Making sense of the Red Sox negotiating tactics with Xander Bogaerts

BOSTON, MA - OCTOBER 5: Xander Bogaerts #2 of the Boston Red Sox reacts during the sixth inning of a game against the Tampa Bay Rays on October 5, 2022 at Fenway Park in Boston, Massachusetts. (Photo by Billie Weiss/Boston Red Sox/Getty Images)
BOSTON, MA - OCTOBER 5: Xander Bogaerts #2 of the Boston Red Sox reacts during the sixth inning of a game against the Tampa Bay Rays on October 5, 2022 at Fenway Park in Boston, Massachusetts. (Photo by Billie Weiss/Boston Red Sox/Getty Images) /

Will the Boston Red Sox really let Xander Bogaerts walk away?

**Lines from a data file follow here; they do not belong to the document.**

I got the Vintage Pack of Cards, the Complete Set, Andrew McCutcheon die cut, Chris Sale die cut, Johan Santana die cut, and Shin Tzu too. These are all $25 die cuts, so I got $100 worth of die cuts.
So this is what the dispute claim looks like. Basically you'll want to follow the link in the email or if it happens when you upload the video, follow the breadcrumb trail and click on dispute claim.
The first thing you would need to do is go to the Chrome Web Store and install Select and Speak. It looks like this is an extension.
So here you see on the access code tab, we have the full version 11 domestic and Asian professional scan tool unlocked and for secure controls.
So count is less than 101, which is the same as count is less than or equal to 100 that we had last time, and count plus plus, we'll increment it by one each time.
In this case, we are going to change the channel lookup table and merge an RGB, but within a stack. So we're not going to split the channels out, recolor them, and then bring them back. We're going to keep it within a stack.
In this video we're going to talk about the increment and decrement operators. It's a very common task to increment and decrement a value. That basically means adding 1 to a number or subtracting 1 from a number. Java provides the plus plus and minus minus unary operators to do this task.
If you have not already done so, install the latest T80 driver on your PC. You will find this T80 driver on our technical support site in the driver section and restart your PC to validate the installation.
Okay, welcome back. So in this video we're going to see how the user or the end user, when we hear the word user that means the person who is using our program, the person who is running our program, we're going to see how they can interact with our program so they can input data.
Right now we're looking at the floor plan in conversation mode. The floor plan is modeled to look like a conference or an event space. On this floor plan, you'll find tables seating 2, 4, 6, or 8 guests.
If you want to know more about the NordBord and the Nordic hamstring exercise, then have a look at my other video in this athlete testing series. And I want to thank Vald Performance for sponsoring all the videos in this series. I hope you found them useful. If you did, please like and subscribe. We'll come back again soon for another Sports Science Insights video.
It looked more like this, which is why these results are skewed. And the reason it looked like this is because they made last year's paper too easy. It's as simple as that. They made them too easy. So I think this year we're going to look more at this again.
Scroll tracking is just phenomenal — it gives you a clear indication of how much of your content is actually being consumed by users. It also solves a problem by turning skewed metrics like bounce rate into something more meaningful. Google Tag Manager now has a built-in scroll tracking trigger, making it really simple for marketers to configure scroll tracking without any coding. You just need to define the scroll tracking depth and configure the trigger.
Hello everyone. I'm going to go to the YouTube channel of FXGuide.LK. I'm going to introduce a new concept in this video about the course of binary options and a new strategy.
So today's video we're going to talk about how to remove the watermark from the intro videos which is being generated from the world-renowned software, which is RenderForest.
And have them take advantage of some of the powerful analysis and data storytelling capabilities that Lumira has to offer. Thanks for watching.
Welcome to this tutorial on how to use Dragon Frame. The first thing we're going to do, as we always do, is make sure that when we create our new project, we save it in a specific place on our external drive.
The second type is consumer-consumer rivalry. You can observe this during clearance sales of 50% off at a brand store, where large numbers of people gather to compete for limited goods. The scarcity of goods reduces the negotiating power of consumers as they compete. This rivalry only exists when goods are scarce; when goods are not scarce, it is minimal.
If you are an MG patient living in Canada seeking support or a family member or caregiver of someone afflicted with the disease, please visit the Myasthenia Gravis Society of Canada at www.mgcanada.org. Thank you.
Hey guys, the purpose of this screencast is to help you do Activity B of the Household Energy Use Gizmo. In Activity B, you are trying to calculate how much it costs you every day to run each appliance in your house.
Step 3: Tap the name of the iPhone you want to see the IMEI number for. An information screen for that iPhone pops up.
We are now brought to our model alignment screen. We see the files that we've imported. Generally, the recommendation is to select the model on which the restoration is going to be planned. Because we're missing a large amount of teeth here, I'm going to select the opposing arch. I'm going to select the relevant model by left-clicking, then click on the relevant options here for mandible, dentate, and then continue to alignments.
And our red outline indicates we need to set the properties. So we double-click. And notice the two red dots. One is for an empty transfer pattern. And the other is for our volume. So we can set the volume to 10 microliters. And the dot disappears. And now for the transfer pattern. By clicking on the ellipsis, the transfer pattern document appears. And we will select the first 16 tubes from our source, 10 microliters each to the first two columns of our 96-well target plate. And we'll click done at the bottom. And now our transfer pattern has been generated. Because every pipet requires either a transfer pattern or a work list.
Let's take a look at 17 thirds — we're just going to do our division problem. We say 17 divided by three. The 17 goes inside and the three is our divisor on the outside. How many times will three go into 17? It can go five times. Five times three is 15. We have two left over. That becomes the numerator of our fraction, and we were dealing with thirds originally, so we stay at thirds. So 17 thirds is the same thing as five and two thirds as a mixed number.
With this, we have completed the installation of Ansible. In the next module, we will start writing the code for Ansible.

The Boston Red Sox made two things abundantly clear when this offseason began: 1) They have money to spend, 2) Xander Bogaerts is their top priority.

So when reports begin to surface that contradict those stated objectives, we’re left wondering what in the world is Chaim Bloom thinking?

According to Peter Abraham of The Boston Globe, Bogaerts has been meeting in person with several interested suitors. Meanwhile, the Sox have not made a competitive offer to the All-Star shortstop. The perception is that the Sox have royally screwed up these negotiations, spoiling their chances of re-signing Bogaerts, who now has his eyes set on greener pastures.

But it’s extremely hard to believe that the Red Sox would let Bogaerts walk without a fight. That outcome goes against everything that the front office and ownership has been saying for the past few months. They’ve acknowledged that the ridiculous lowball offer from last spring, which essentially tacked on an extra year for $30 million to his existing team-friendly contract, was insufficient and they vowed to make a more compelling offer.

So why haven’t they? There are reasonable explanations for Bloom’s negotiating tactics.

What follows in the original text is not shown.